The first important thing to note is that the Policy will do nothing if there is no Audit Log configured for the gateway (as it does not want to silently reject any data). So for the policy to work at all, you must have the Audit Log configured.

Next point of note is that the policy will only check the value for a kafka record, and does not currently support checking the key or headers for a record.

The core config values for the policy itself are:

  • topic : the topic/s to apply the rule to
  • schemaIdRequired : whether records must/must not have a schema assigned to them
  • validateSchema : whether the policy should check if the data for the record matches the schema found for the record.
  • action : what to do if a problem is found

There are three levels of check you can apply:

SetupEffect
schemaIdRequired = falseEnsures that no records have a schema!
schemaIdRequired = true, validateSchema = falseEnsures that records have a valid schema set, and that schema exists in the Schema Registry. Does not check whether the value actually matches the schema though
schemaIdRequired = true, validateSchema = trueEnsures that records have a valid schema set, that schema exists in the Schema Registry and that the value in the record matches the schema. This includes any data validation rules in the schema (see below) as well as a structural check

Action

If any problems are found, the policy will take an action as configured. The action can be set to one of:

  • BLOCK → If any records in the batch fail the policy checks, record the problems in the audit log and then return an error to the client failing the entire batch. No records are written to kafka at all if at least one of the records in the batch is considered invalid.
  • INFO → In this mode the data is always written to Kafka whether it passes the checks or not - but any problems found recorded in the audit log.
  • THROTTLE → If any records in the batch fail the policy checks, the data is still written to Kafka but the request will be throttled with time = throttleTimeMs, forcing the client to back off. Any problems found are recorded in the audit log.

Dead Letter Topic

If a dead letter topic service is configured for the Gateway, then you can optionally supply a topic name for this policy to use for any records which are considered invalid. This topic will be created with the default config for your Kafka setup.

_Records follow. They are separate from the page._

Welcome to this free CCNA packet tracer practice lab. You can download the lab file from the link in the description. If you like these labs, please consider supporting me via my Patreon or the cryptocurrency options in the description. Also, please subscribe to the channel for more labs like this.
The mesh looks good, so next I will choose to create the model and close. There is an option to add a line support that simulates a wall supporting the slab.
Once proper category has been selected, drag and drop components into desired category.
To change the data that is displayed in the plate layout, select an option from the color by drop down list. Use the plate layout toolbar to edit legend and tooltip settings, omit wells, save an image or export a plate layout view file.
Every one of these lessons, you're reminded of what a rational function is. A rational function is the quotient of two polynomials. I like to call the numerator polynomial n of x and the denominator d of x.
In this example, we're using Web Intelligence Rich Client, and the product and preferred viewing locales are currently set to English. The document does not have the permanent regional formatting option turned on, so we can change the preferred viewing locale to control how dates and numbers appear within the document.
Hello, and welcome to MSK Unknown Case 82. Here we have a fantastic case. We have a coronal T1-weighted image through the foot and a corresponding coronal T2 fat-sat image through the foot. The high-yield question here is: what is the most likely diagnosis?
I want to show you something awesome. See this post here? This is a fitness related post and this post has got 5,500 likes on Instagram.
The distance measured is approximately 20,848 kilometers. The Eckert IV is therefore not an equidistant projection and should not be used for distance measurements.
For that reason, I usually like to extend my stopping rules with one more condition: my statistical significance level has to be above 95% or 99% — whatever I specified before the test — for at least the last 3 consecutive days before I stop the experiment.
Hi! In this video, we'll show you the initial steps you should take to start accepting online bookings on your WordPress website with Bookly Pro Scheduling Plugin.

Any record which the policy considers invalid is written to the dead letter topic, and has some headers added for audit purposes. Please note that this is done in the AUDIT_LOG_ONLY mode also, even though the records in this mode are still written to the "real" topic.

HeaderMessage
X-ERROR-MSGDescription of the reason for the policy failure
X-TOPICThe topic the message was intended to be written to
X-PARTITIONThe partition of that topic the message was intended to be written to

The generation of these headers can be disabled if required, through the addErrorHeader configuration parameter (defaults to true).

If no deadLetterTopic is configured for the policy, then no messages will be written out in this manner.

Configuration

The full configuration topics for the policy are as below.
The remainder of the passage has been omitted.